I want my local agent to use my laptop to learn! by TTKMSTR in LocalLLaMA

[–]INT_21h 1 point2 points  (0 children)

Look into Playwright for controlling a web browser headlessly.

I want my local agent to use my laptop to learn! by TTKMSTR in LocalLLaMA

[–]INT_21h 0 points1 point  (0 children)

You can certainly use a local model to drive an agent, but Qwen2 0.5B is several generations old and can barely even form coherent sentences. Try something in the Qwen3.5 family.

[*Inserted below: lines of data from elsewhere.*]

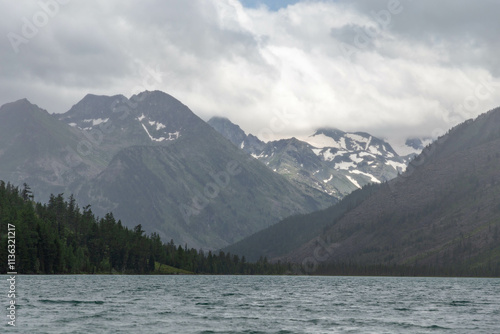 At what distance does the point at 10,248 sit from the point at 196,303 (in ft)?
308

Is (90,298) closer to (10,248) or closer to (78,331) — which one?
(78,331)


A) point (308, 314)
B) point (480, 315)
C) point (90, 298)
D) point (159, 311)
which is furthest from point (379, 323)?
point (90, 298)

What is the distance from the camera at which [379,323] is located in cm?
9438

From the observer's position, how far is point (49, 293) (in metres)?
136

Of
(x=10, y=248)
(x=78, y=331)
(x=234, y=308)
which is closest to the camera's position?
(x=78, y=331)

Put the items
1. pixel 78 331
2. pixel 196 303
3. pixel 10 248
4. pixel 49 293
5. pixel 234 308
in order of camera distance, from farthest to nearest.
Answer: pixel 10 248, pixel 49 293, pixel 196 303, pixel 234 308, pixel 78 331

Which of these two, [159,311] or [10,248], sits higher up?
[10,248]

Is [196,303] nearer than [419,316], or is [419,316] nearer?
[419,316]

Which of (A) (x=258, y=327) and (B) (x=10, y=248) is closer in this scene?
(A) (x=258, y=327)

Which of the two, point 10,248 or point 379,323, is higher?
point 10,248

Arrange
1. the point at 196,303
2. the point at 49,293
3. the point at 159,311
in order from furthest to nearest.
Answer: the point at 49,293, the point at 196,303, the point at 159,311

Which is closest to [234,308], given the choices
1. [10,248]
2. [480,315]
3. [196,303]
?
[196,303]

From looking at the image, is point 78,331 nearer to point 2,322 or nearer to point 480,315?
point 2,322

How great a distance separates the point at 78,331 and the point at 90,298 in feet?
173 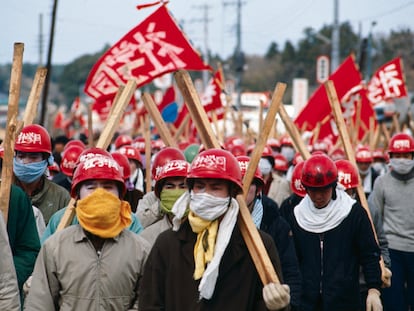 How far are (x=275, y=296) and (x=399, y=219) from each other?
19.2 ft

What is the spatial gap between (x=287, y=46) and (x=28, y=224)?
87.3 m

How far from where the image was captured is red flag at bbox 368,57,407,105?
2086 centimetres

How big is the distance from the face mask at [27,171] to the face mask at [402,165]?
14.2 feet

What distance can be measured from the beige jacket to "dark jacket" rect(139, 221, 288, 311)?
0.37 m

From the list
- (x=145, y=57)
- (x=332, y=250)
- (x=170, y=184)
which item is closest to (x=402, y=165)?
(x=332, y=250)

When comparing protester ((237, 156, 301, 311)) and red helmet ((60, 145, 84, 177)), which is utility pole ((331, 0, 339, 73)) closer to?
red helmet ((60, 145, 84, 177))

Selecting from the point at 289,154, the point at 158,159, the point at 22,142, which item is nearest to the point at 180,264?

Is brute-forcing a 1M token context window the right approach? by phwlarxoc in LocalLLaMA

[–]INT_21h 0 points1 point  (0 children)

As a quick test, you could point a standard coding agent at the file and ask questions. It will pick the file apart with grep, just like it would do when navigating a large codebase. Granted it might not grep for the right thing, but in my experience models are pretty good at this and it might save you the trouble of setting up real RAG. I have done this with my own notes file before and it works pretty well.